Yomitan takes around 6 seconds for me to check duplicates in my mining deck.

My mining deck is only 3500 cards, so if you have a larger deck I imagine it's terribly slow.
Secondly, if you take your Yomitan cursor and drag it across some Japanese text it tends to lag.

That's 6 whole seconds to load Yomitan and run a duplication check.
canAddNotes which is deck specific, Yomitan uses noteinfo which is not deck specific.You can only use Yomitan with a browser.
Yomitan relies on local storage in the browser.
This corrupts – often.

When Yomitan corrupts you have to reinstall all of your dictionaries and settings.
It's good it's a browser extension as it can work on any platform, but it also comes with downsides.
Firstly, let's talk about speed.
JL is really, really fast.
It's actually one of the main reasons you should use it.

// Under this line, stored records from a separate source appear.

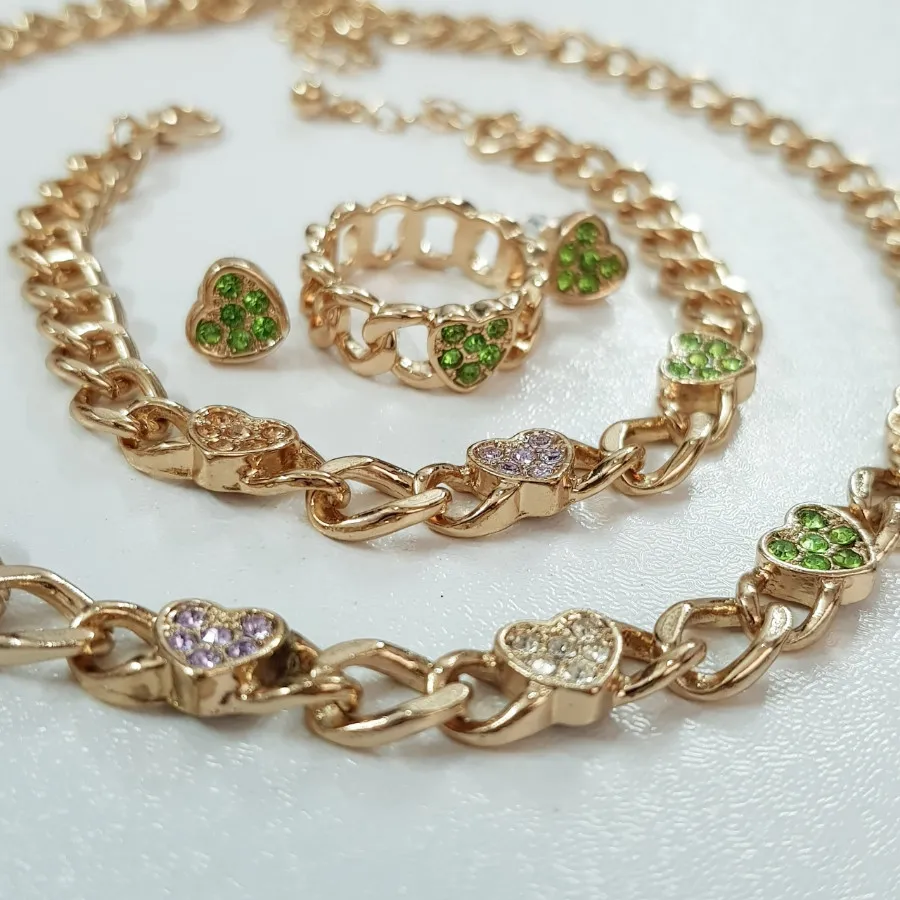 ست کامل کارتیه طلایی قلبی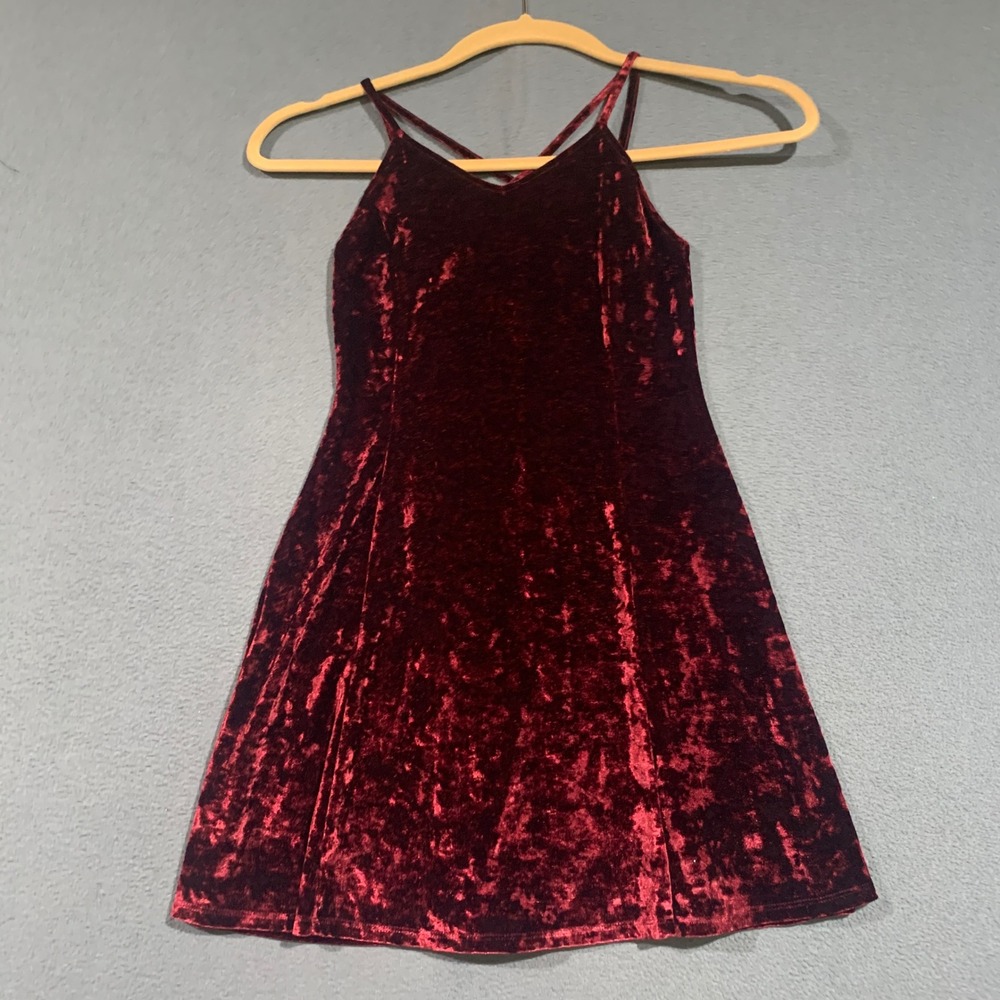 Y2K Velvet Mini Skater Dress Criss Cross Back Size Small Whimsigoth Soft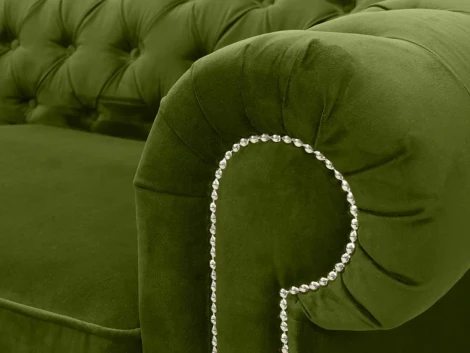 Диван Chesterfield ОГОГО (арт.344636), (Ткань/Зеленый)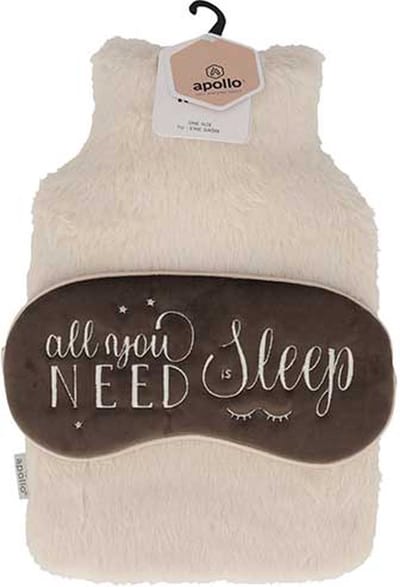 Apollo - Warmwaterkruik met slaapmasker- Kruik met hoes - Kruikenzak - Kruik Baby - Teddy - Beige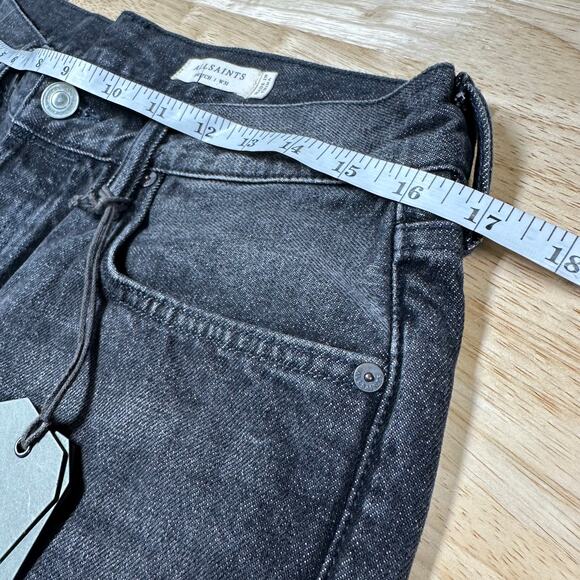 AllSaints NWT Switch Raw Hem Denim Shorts Washed Black Men's Size 31 Zip Fly - Picture 8 of 10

Look at this gif. Absolutely no lag. Not to mention that it is technically showing more dictionaries and doing longer scan length (32) than my Yomitan does.
Also, duplicate detection is blazingly fast.
Do you see that small X next to the word? That indicates I can add it to Anki.
If it's red, it means it's a duplicate.
Rewatch the gif. Look at how fast that small red X appears again. Seriously.
This takes minimum 6 seconds in Yomitan for me btw.
It's so unbelievably fast I genuinely have no idea how they are doing this.
I was hesitant to believe they're using AnkiConnect at all, maybe they're talking directly to the DB which would explain why Yomitan is so slow?
But no, they're using AnkiConnect just like Yomitan does.
In my newbie stages where I read super slowly and I only have 3.5k Anki cards, I have to look up multiple words a sentence.
With Yomitan taking 10+ seconds every lookup and mine, this slows me down a lot.
Look at this:

Top is my average chars / hour using Yomitan.
Bottom is with JL.
Unironically I have a +700 chars / hour buff by just using another program, simply because it's faster.
I really like this kanji dict:
But in Yomitan it kinda sucks.
It can't be an official Kanji dict, so it has to be a word dict. This is because of the format of Kanji dicts in Yomitan.
But because it's a word dict, it has to compete with all the other Yomitan dicts.
If your friend is inviting you to 飲み会 and you highlight this with Yomitan, you will have to scroll really far to find the Kanji dict for 飲.
To fix this, you have to use profiles and switch profiles per my blog post everytime you want to look up a kanji with this dict.
But in JL, you don't have to do that!

In mining mode, simply highlight the kanji you want to look at and click the Kanji dict and you get to see it instantly.
You can even look up words with jmdict, and then highlight the kanji in that definition to get specific Kanji definitions.
Being able to easily click what dict you want to see is so powerful. I believe this will make it easier for monolingual transitions too.
Have JP -> JP dicts show up first, then just use child windows and switch to JP -> EN if you need to using the tabs.
You can kinda make an overlay in JL.

With this mode, the text appears as if it was overlaid but not. You can then "click through" the text itself and it will click the window behind it, allowing you to progress in the story.
You have to enable this with a hotkey:

This kinda breaks for me on some full screen visual novels.
JL works great with GSM.

Set the addresses to use port 55002 and set it to auto reconnect to WebSocket.
Done 🥳
If you have a JL window over your visual novel, GSM uses OBS Window Capture so it won't show up in your screenshots.
Does this replace GSM overlay?
Nah, not really. Overlay overlays the text perfect on top of the game. It's 100% natural. This is a black box over your visual novel.
You can also use GSM to OCR a game or visual novel, and display it in JL.
In the settings you can enabled highlight longest match.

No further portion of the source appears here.